* [EXERCISE DATA]

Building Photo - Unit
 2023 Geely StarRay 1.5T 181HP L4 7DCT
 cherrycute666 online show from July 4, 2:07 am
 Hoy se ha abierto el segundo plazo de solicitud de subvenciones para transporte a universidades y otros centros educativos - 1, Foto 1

* [EXERCISE REQUIREMENTS] Each line of the data must be set down again as it is.

* [EXERCISE RESULT]
Building Photo - Unit
 2023 Geely StarRay 1.5T 181HP L4 7DCT
 cherrycute666 online show from July 4, 2:07 am
 Hoy se ha abierto el segundo plazo de solicitud de subvenciones para transporte a universidades y otros centros educativos - 1, Foto 1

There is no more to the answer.